## Problem to work on
Every line of the listing below from the one with "Slika - Auguste" up to and including the one with "130's Blended Merino" should be retyped exactly, and nothing else; pictures are not part of the copy.

## Information

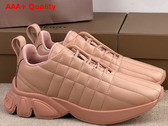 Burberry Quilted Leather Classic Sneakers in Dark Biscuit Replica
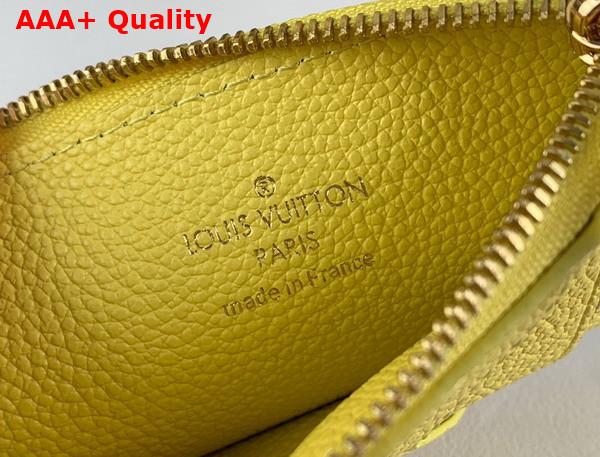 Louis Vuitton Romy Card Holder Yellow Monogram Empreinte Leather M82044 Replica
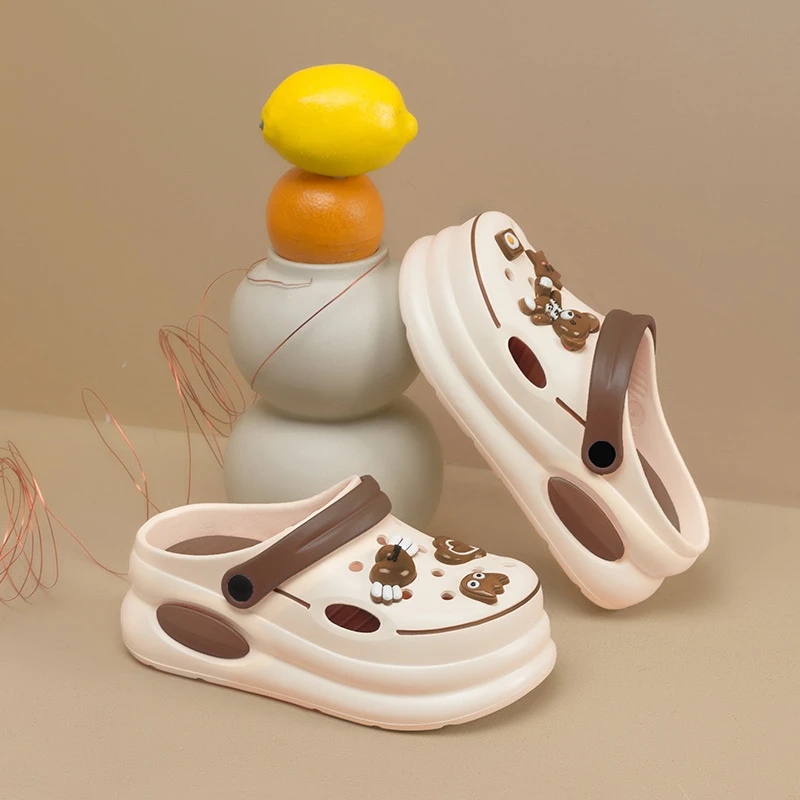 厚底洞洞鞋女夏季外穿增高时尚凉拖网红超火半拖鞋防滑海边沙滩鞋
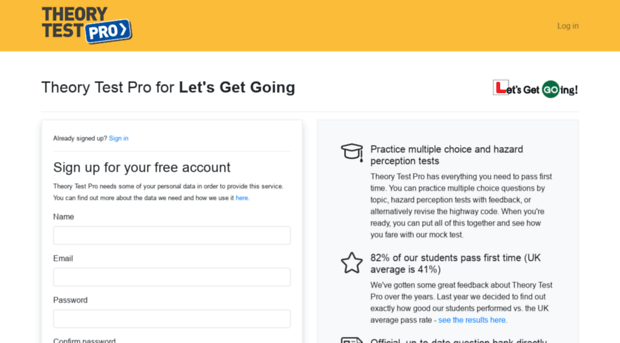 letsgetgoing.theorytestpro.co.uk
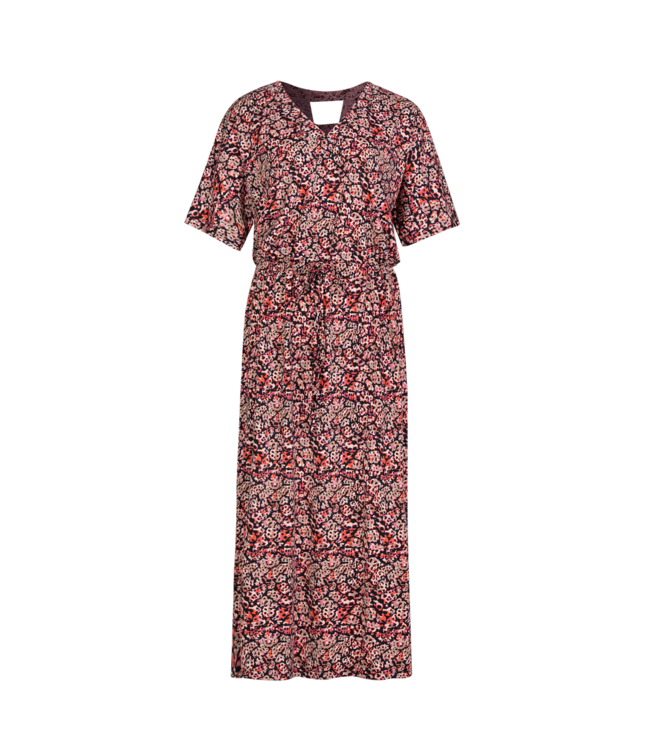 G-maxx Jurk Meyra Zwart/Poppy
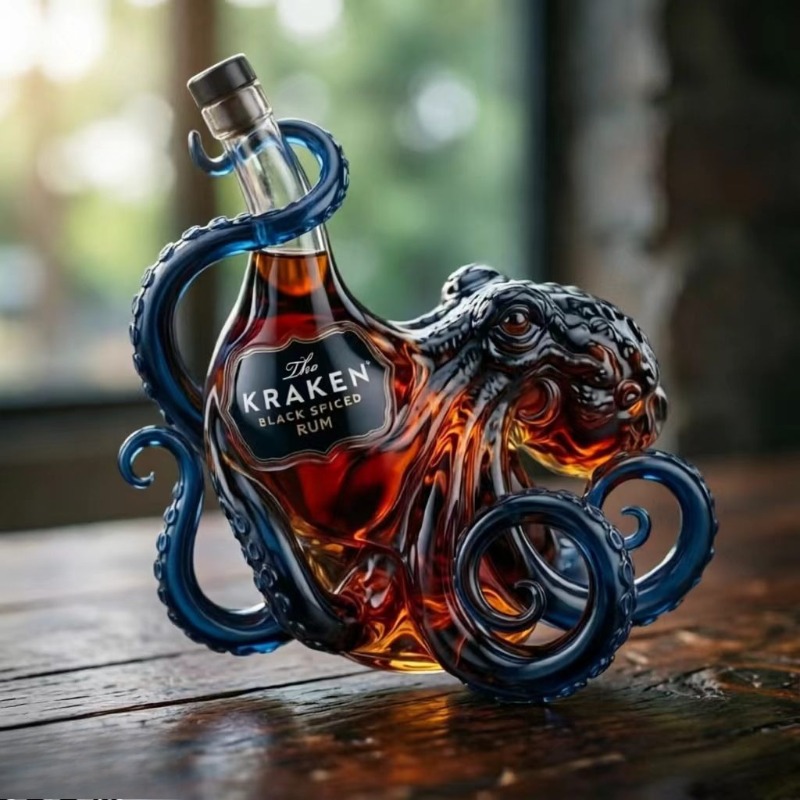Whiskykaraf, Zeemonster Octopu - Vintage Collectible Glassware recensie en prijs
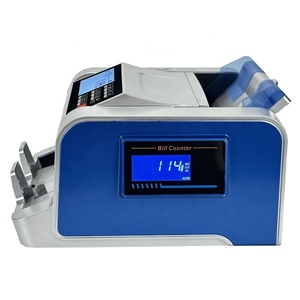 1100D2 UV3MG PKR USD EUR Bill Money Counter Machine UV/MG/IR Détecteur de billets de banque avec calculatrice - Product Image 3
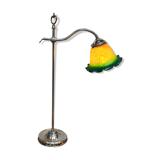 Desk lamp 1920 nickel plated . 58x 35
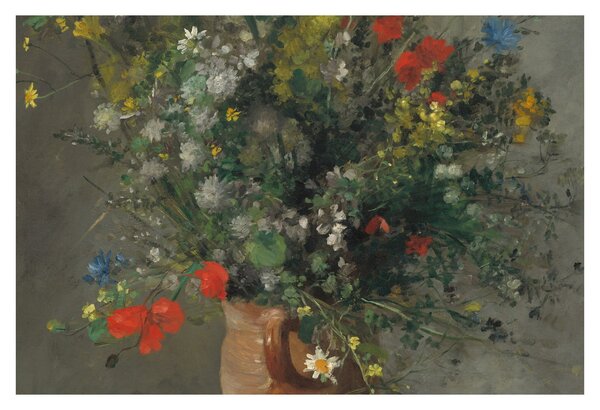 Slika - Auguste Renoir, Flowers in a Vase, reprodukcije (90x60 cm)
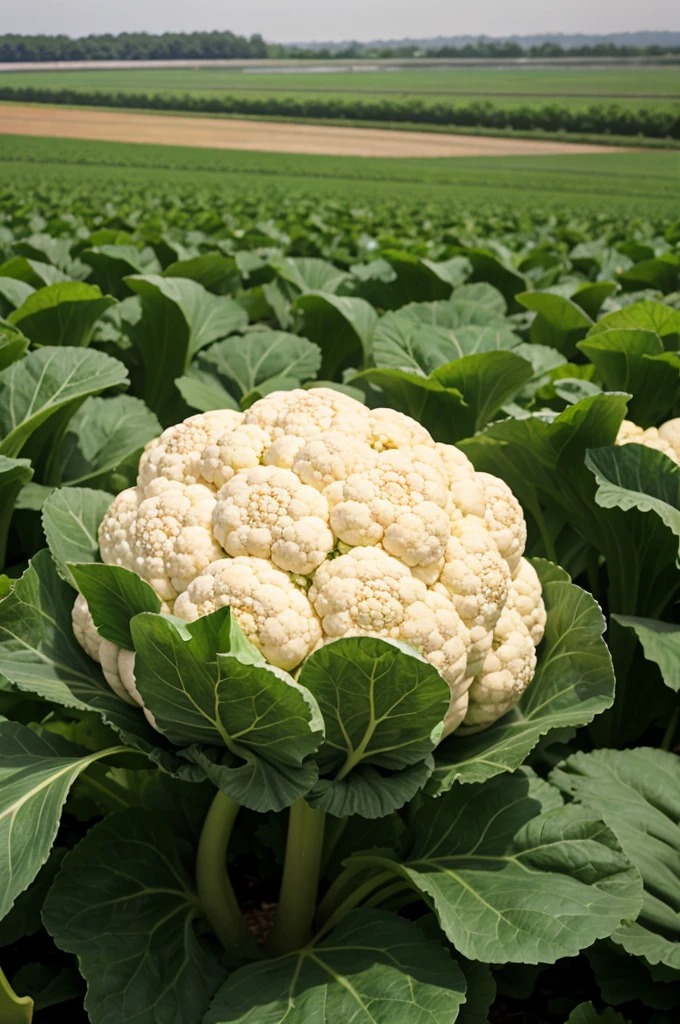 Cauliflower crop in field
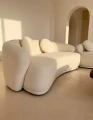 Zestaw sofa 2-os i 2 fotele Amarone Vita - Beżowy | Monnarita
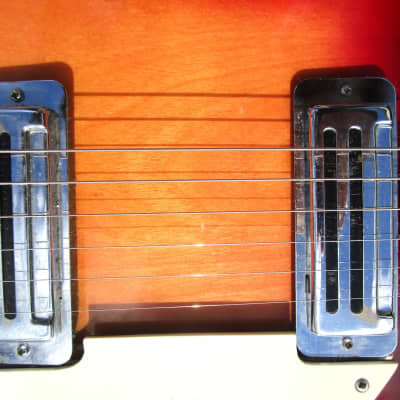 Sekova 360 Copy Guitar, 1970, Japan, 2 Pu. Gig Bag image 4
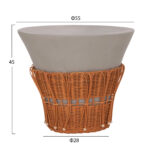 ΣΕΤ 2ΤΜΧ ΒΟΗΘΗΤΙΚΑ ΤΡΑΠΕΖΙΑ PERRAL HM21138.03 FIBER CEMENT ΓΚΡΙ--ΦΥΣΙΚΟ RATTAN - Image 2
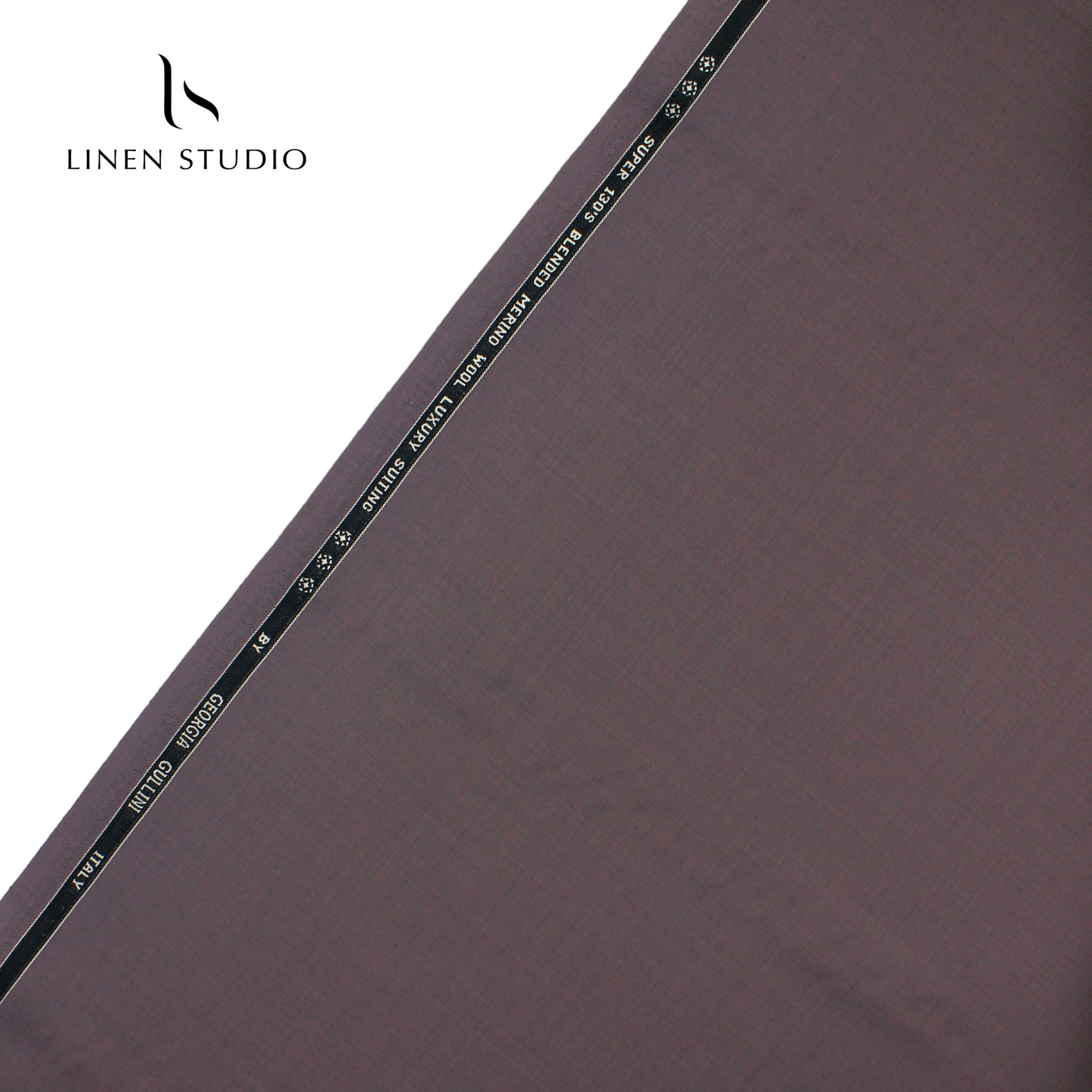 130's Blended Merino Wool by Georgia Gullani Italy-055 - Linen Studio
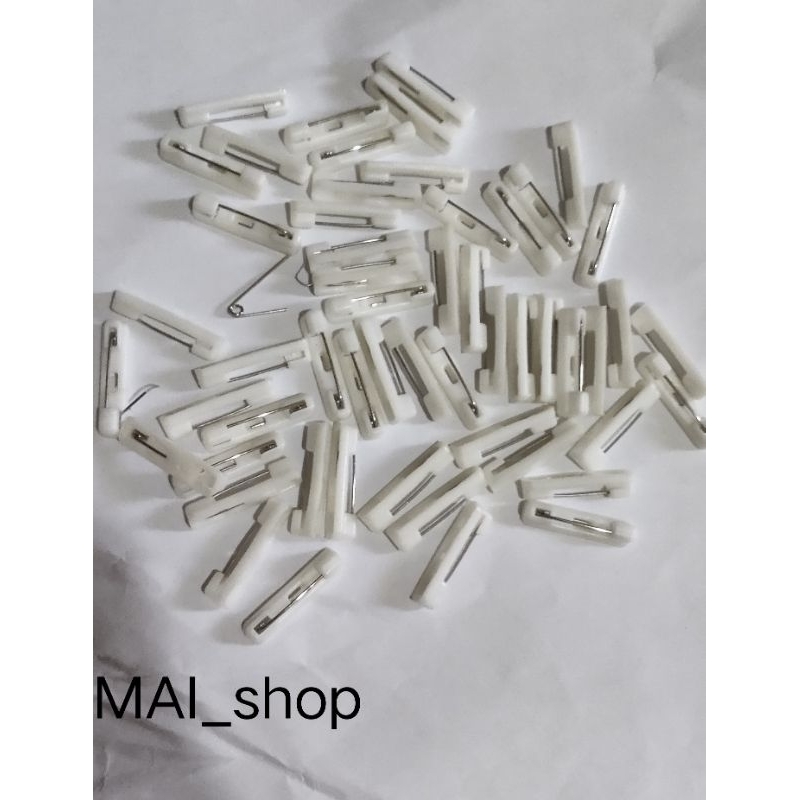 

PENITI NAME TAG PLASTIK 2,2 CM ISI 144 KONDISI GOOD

## Solved exercise
 Slika - Auguste Renoir, Flowers in a Vase, reprodukcije (90x60 cm)
 Cauliflower crop in field
 Zestaw sofa 2-os i 2 fotele Amarone Vita - Beżowy | Monnarita
 Sekova 360 Copy Guitar, 1970, Japan, 2 Pu. Gig Bag image 4
 ΣΕΤ 2ΤΜΧ ΒΟΗΘΗΤΙΚΑ ΤΡΑΠΕΖΙΑ PERRAL HM21138.03 FIBER CEMENT ΓΚΡΙ--ΦΥΣΙΚΟ RATTAN - Image 2
 130's Blended Merino Wool by Georgia Gullani Italy-055 - Linen Studio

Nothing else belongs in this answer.